House of Screams AKA Death Screams (David Nelson 1982)
Proof that small town locales are always a few years behind on trends, everyone in this South-set slasher is dressed like it’s the mid-70s, and the film itself feels very scrappy in the Grindhouse fashion of the previous decade. This adds absolutely nothing to the film other than the novelty of having several scenes scored by twangy country music and the preponderance of wood paneling everywhere. The plot, what little there is of it, is typical “mystery” killer fare.

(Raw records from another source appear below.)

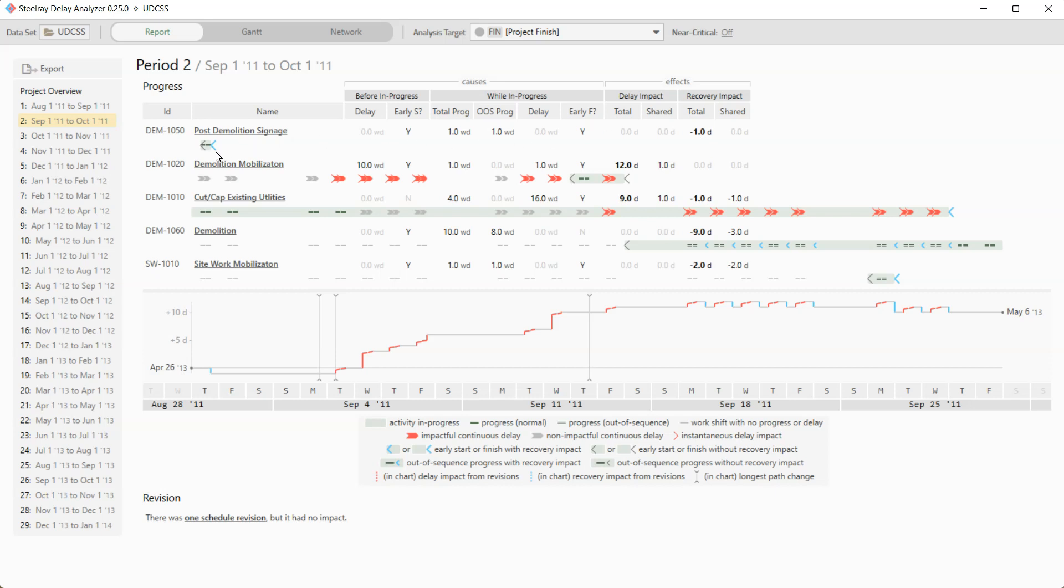So the icons are showing you that it was Tuesday, August 30th, that it began. And the double lines here represent out of sequence progress. And the blue less than symbol represents an early finish. Now, how do I know that? Everything you need is down here. The entire legend is down here. Okay, so post-demolition signage gave us one day of recovery.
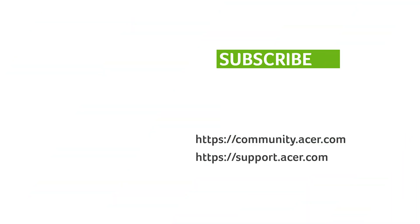If you have any questions, you can always visit the Acer community or our Acer support site. And don't forget to subscribe!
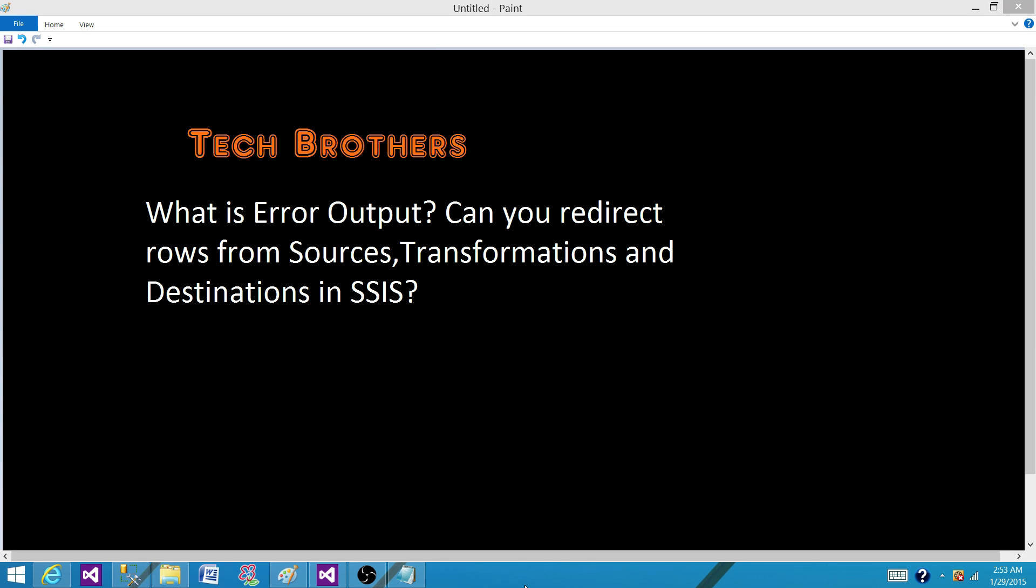Welcome to Tech Brothers with Amit. Today we are going to answer this question: What is error output? Can you redirect rows from sources, transformations and destinations in SSIS package?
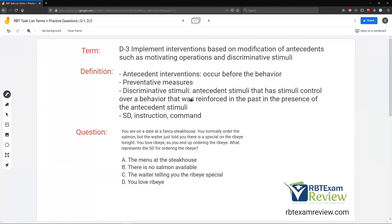Now let's look at SDs — discriminative stimuli. These are antecedent stimuli that have stimulus control over a behavior that was reinforced in the past in the presence of that antecedent stimuli. In other words, your SD or command — in the past, the behavior was reinforced in the presence of the SD, giving that SD stimulus control over the behavior. That's why when you say 'touch green,' your client touches green — responding that way has produced reinforcement. The SD signals that reinforcement is available if you respond. It comes right before the behavior.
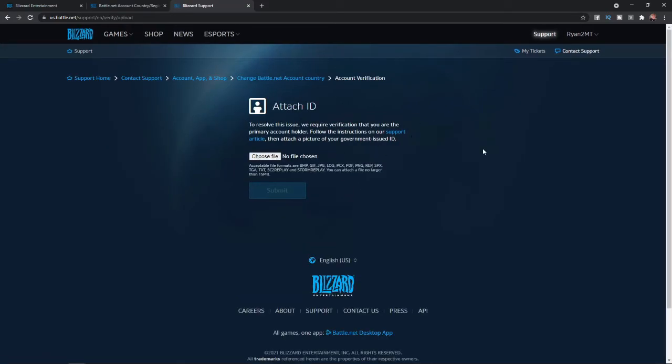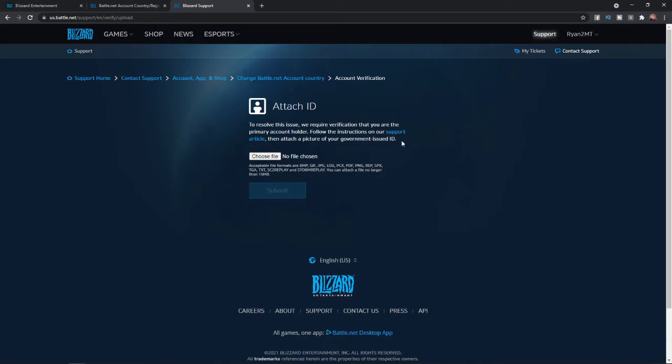Once you click on the continue button, you'll be brought to this page where you will have to attach a photo of your ID. Click on 'choose file' and then upload a photo from your documents. Once you have attached your ID, simply click on submit.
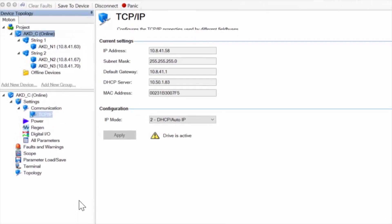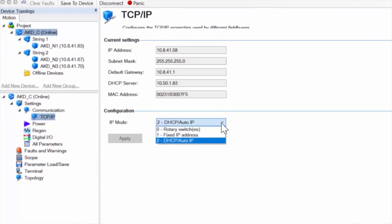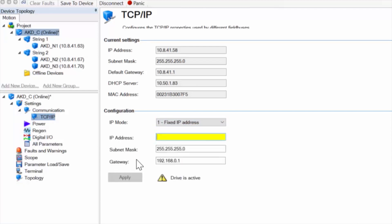A fixed IP address, or static IP address, can be set in the software using IP mode 1 fixed IP address. Once you have set your IP address, cycle power for it to take effect. To connect your computer, it will need to be in the same domain as the AKD-C.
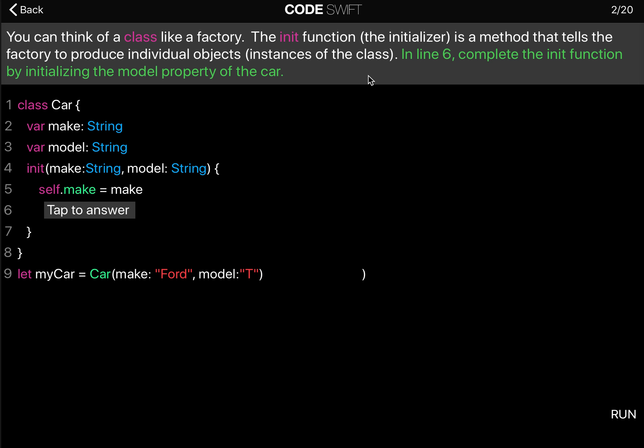In line six, complete the init function by initializing the model property of the car.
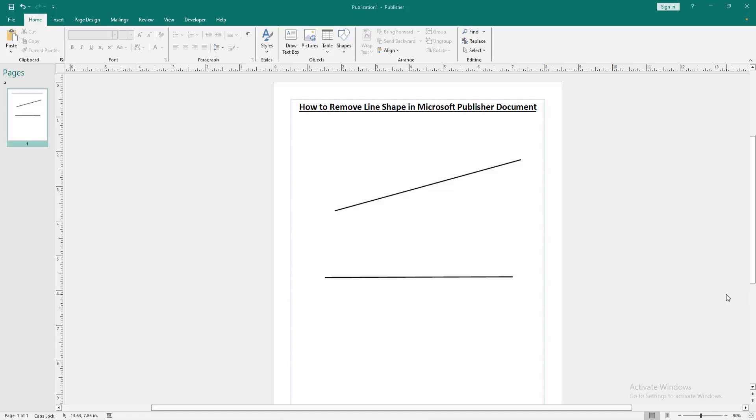Assalamualaikum. Hello friends, how are you? Welcome back to another video. In this video, I am going to show you how to remove line shape in Microsoft Publisher. Let's get started.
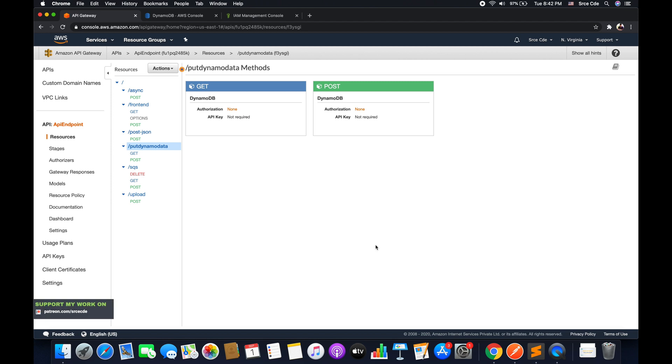What's up guys. I'm Chirag and welcome to part 36 of the tutorial series on Amazon API Gateway. In part 35 of this tutorial series, I took you through how to query the DynamoDB table using API Gateway.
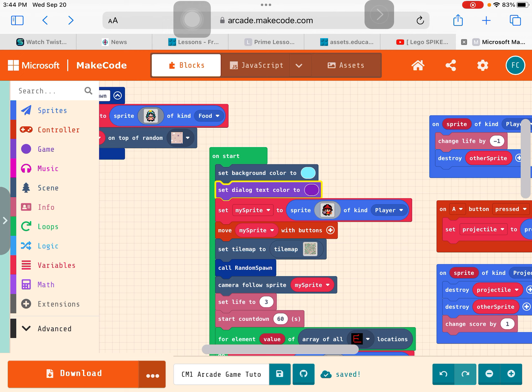Now, we just finished adding the countdown. We might want to just add a title to the game. So in the beginning, it'll tell you what is the name of the game, right? And it's very simple.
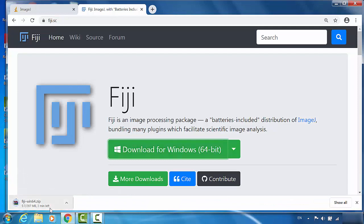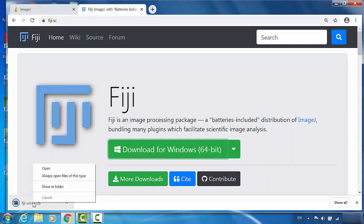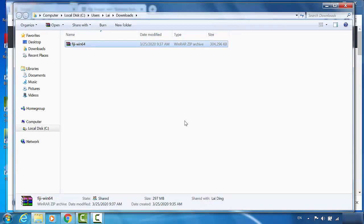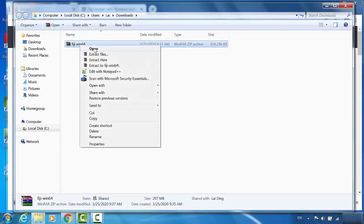The file size is about 300 megabytes. It takes some time to download. Now it's finished. We're just showing the folder. I'm going to extract it.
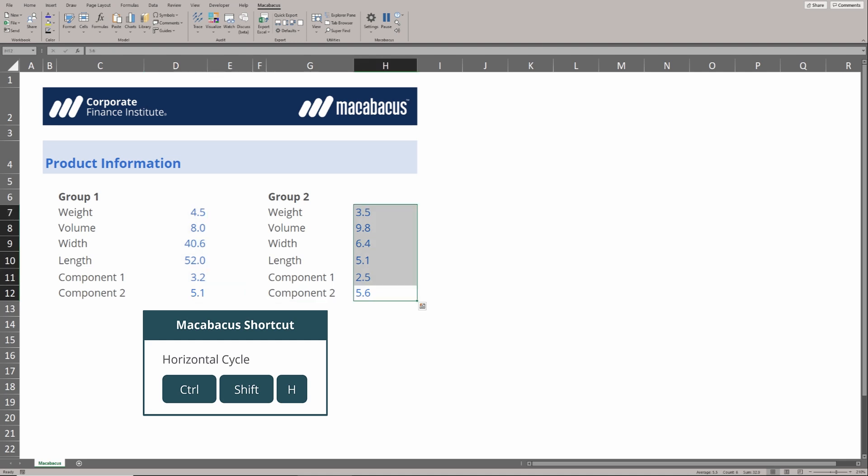Remember that these are cycles, so if we hit Ctrl-Shift-H a few times, we are cycling through all the available options for horizontal positioning for these numbers.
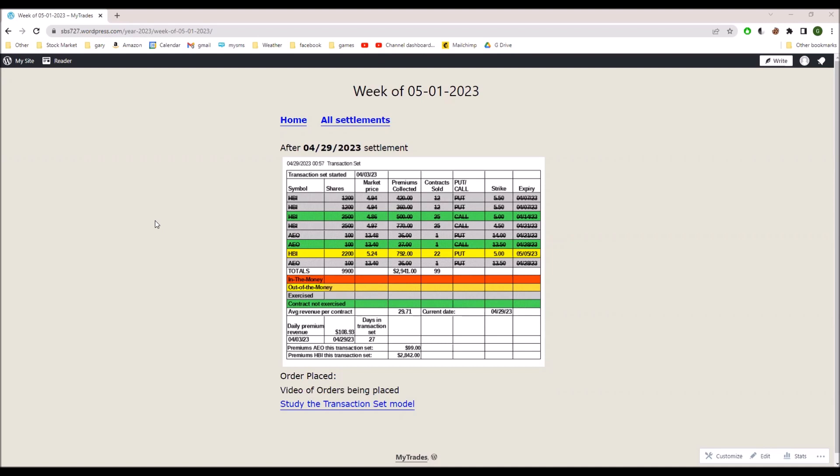The $13.50 call contract on the AEO was not exercised, and the $13.50 put contract was exercised.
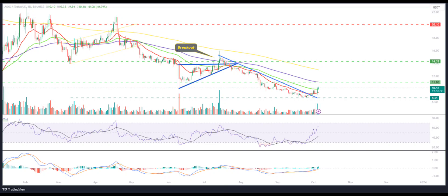Technical levels — Support levels: $8 and $5. Resistance levels: $12 and $15.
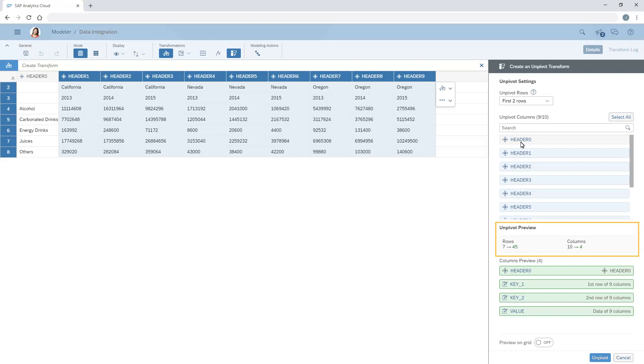In the preview, we can see that the data will be converted from 7 rows to 45, and from 10 columns to 4. We can also choose to see the preview in the grid itself.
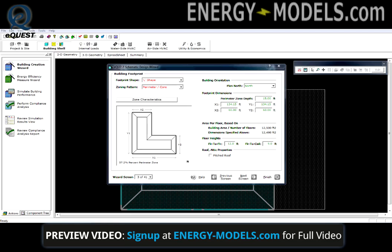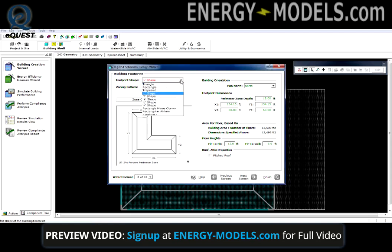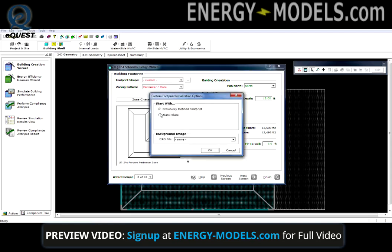In this case, we're on wizard screen 3 of the schematic design wizard looking at the building footprint. If we were to bring in a custom footprint, we can do that by selecting footprint shape and selecting custom.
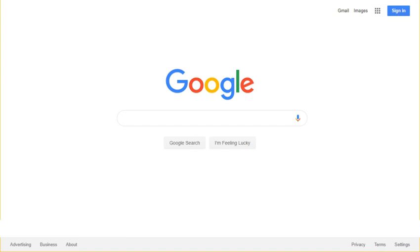In September 2017, the Google Search app on iOS was updated to feature the same functionality.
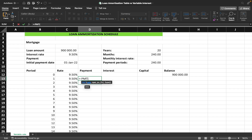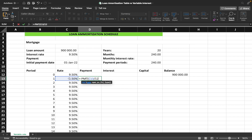We divide the period's rate by 12 because the rate given is an annual interest rate. Since we're dealing with a variable rate, we take the interest rate for that particular period and divide by 12, so that whenever we change the rate for any future period, the formula automatically divides by 12. Then press the comma for the next argument — the number of periods.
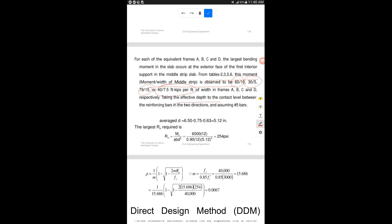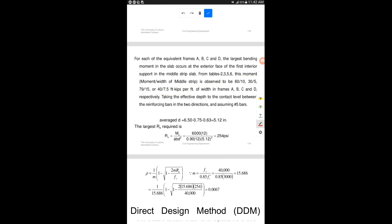Now, to find the effective depth: the total slab thickness given is 6.5 inches. We subtract the clear cover and, because there are two layers of reinforcement, we consider No. 5 bars in both directions. The effective depth d is calculated by subtracting the clear cover and the diameter of the No. 5 bar from the 6.5-inch slab thickness.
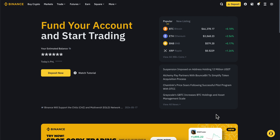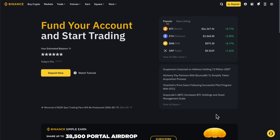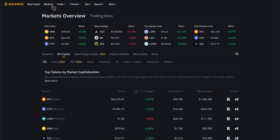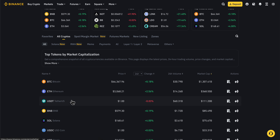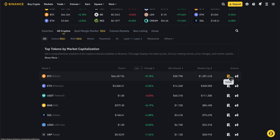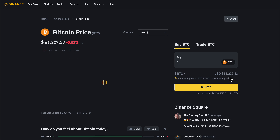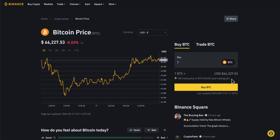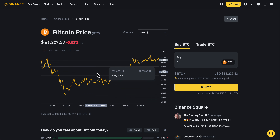How to zoom in and out on a Binance chart. The first step is to go to Binance and then simply go to Markets. Here, you're going to have to simply select any cryptocurrency, and then click on Detail.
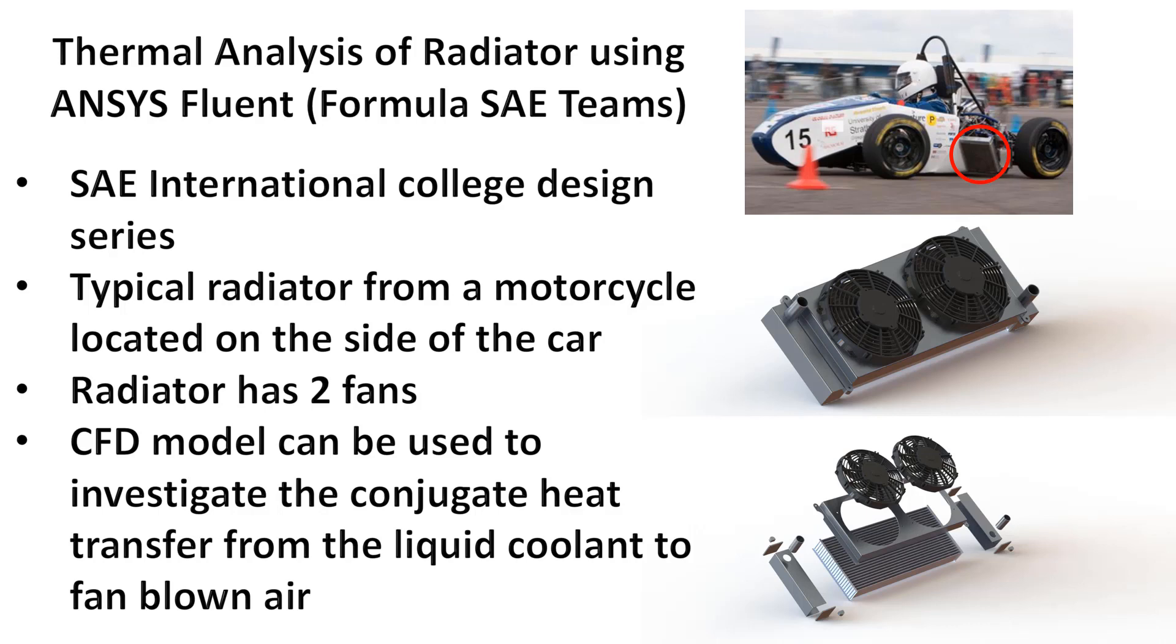Welcome to this video of a thermal analysis of a radiator using ANSYS Fluent. This is a typical radiator that's used in the SAE International College Design Series, called Formula SAE, where colleges and universities build cars and race them on a given course.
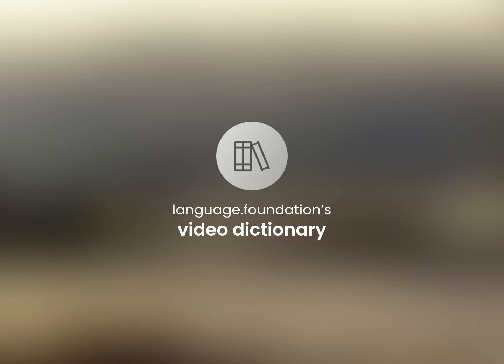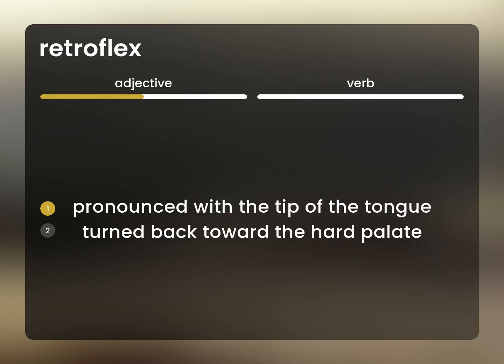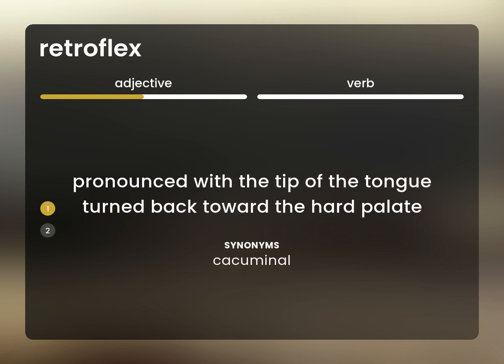Language.Foundation's Video Dictionary, helping you achieve understanding. Pronounced with the tip of the tongue turned back toward the hard palate. Cacuminal.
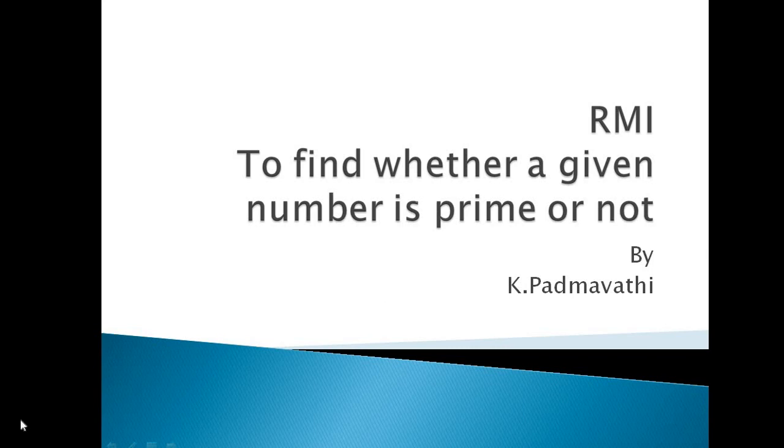Good morning everyone, I am Padmaraj. As a continuation of the last video, today we are going to see how to run the RMI application, especially the Prime Number application.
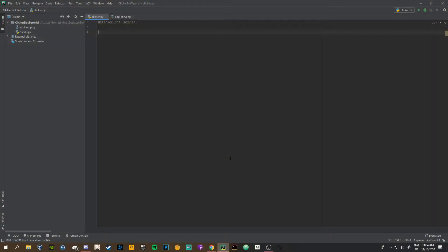Welcome to the actual tutorial part of this video. We're going to be making an auto clicker bot like I showed you in the beginning, with an actual desktop app and an executable file. I'll probably make this into two parts: the coding part, and then the part of turning the file into an executable, changing the icon, and all the extras.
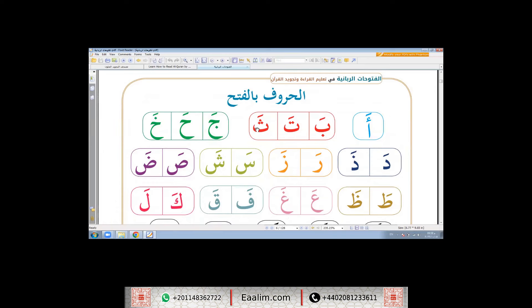Fatha is a small slash written above the letter. This fatha is a short vowel, and fatha is a haraka. Haraka means movement. It is written above the letter, and when you pronounce any letter with fatha, you should open your mouth.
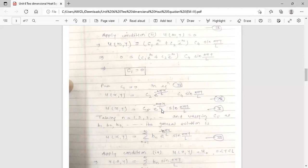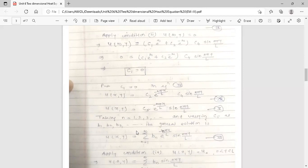Since n varies from 1, 2, 3, ... to infinity, and replacing c₅ by bₙ, the general solution is: u(x,y) = Σ bₙ e^(-nπx/L) sin(nπy/L), summed from n = 1 to infinity. This is equation 6.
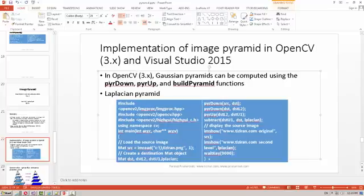We discussed the Gaussian pyramid: pyramid down decreases the image size, pyramid up expands the image, and build pyramid creates many levels of the image at once. Now for the Laplacian pyramid — the Laplacian pyramid is another kind of pyramid where we use the Gaussian pyramid as a basis to build it.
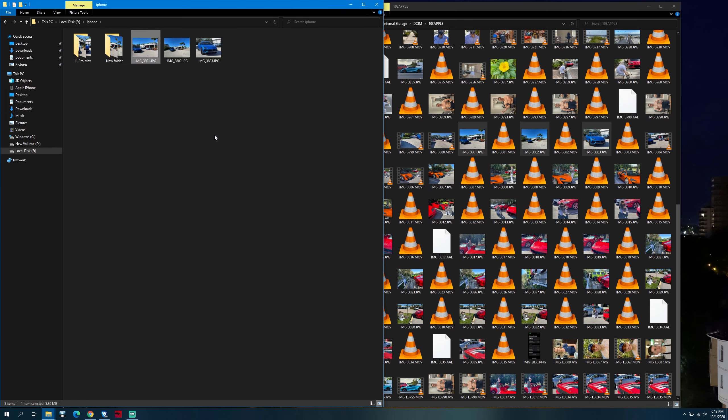Once you have selected the photos that you wish to transfer, you can easily drag them over into the folder on the PC.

At one point the film stops everything and lets a character sincerely tell a scary story (really an urban legend, the “Humans lick hands too” tale) and it is more interesting than the rest of the film multiplied by a hundred. The filmmakers could have saved themselves a lot of money by just filming her telling spooky campfire favorites for 90 minutes instead.
Iced (Jeff Kwitney 1988)
Years after a mentally unbalanced dude kills himself after getting mad at his friends and going skiing after dark, a mysterious killer tricks the same friend group into coming up to the woods for a timeshare presentation. Now, timeshares are plenty scary enough without slasher movie trappings, but this movie really highlighted a major problem of many of these films: complete indifference to characterization or giving an audience anything to latch onto other than one primary marker of differentiation (this one’s a doctor, this one is the doctor’s wife, this one has a mustache, &c).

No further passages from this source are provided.